A number of pieces of evidence tie Richard Craddock to the Balchen family in the manner described above but the most straightforward piece, discovered by Ed Man, is Richard's will dated 16th February, 1710, in which he says:
"I give, devise and bequeath to my Niece Susannah Balchen, her Heirs and Assignees all those my Messuages, Lands, Tenements and hereditaments situate and being in the County of Somerset which I bought of Henry Barnes, Deceased, To hold to my said Niece, her Heirs and Assignees forever."
Another piece of evidence comes from a court case (Jodrell against Cropp) in which Martha Balchen (Mary Man's mother) along with her recently married daughter Elizabeth Cumberland and various other members of the Balchen family are in a protracted legal battle over the codicil to the will of Sarah Boulter, one of Richard Craddock's daughters. The court case can be read here.
Having now established the relation between the Craddocks and the Mans via the Balchens, we will look more carefully at the Craddock family and in particular the descendants of our great (X8) uncle Richard Craddock.
The Craddocks are first found in Yorkshire, with some also in Co Durham. Tobias's father was John Craddock, our great (X9) grandfather, who attended Oxford as an undergraduate and then gained an MA from Peterhouse, Cambridge, in 1601. On his appointment to the vicarage of Gainford in 1594, he purchased property in the parish and built Gainford Hall.
John Craddock was appointed chancellor and vicar general to Bishop Neile of Durham and in 1621 he became a J.P. and was an extremely diligent and zealous magistrate, perhaps overly so when it came to enforcing church doctrine. According to the Dictionary of National Biography (DNB) Craddock and other members of the Cathedral's clergy (known as The Durham House group) took control over civil society in the north of England through their dominance of the bench of justices of the peace. In the parliament of 1621 it was claimed that the clergy outnumbered the gentry on the Durham commission of the peace. Neile's close advisor Chancellor Craddock, was certainly a more conscientious attender of meetings than many members of the gentry, and so he might well have dominated some sessions.

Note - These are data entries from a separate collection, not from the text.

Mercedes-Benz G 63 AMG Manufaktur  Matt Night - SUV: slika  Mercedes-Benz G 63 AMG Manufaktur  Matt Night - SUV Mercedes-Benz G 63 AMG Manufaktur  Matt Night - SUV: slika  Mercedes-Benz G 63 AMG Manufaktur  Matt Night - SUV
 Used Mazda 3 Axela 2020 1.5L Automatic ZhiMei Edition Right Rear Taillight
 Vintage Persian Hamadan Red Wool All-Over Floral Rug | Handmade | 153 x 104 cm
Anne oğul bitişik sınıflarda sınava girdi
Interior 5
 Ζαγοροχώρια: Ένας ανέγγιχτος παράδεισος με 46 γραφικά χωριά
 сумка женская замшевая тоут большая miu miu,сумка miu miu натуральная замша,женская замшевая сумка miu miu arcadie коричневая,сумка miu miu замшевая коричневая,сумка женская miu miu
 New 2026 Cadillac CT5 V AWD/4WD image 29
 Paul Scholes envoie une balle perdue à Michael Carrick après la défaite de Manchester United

John Craddock died in 1627 and it was confidently rumoured that he had been poisoned by his wife (our great grandmother)! She was accused, tried, and acquitted although no records of this trial have yet been found. Meanwhile we will move forward in time and down to London and take a look at Richard Craddock’s career.
As already mentioned above, Susannah and Richard's father was Tobias or Toby who was a barrister of Grays Inn. Of their mother's family - Bourne - we know nothing, as yet. Susannah and Richard's grandfather was John Craddock, D.D. who married Margaret Bateman the widow of a man called Robinson. Of Margaret's family we know only that her father was William Bateman of Westmoreland. John Craddock's father was another John who married Ann Latus. To learn more about the Latus family follow this link. In turn John's father was another John who married Elizabeth Raine/Rayne daughter of George of Thringarth. So going back in time on the maternal sides of these ancestors marrying into the Craddock we have: Bourne (m. Toby) > Bateman (m. John) > Latus (m. John) > Raine (m. John) > Tempest. To view a pdf document containing a genealogy of the Craddock family click here. Of interest too is the Huddlestone family, the Waddington family, the Long family and the Cropp family.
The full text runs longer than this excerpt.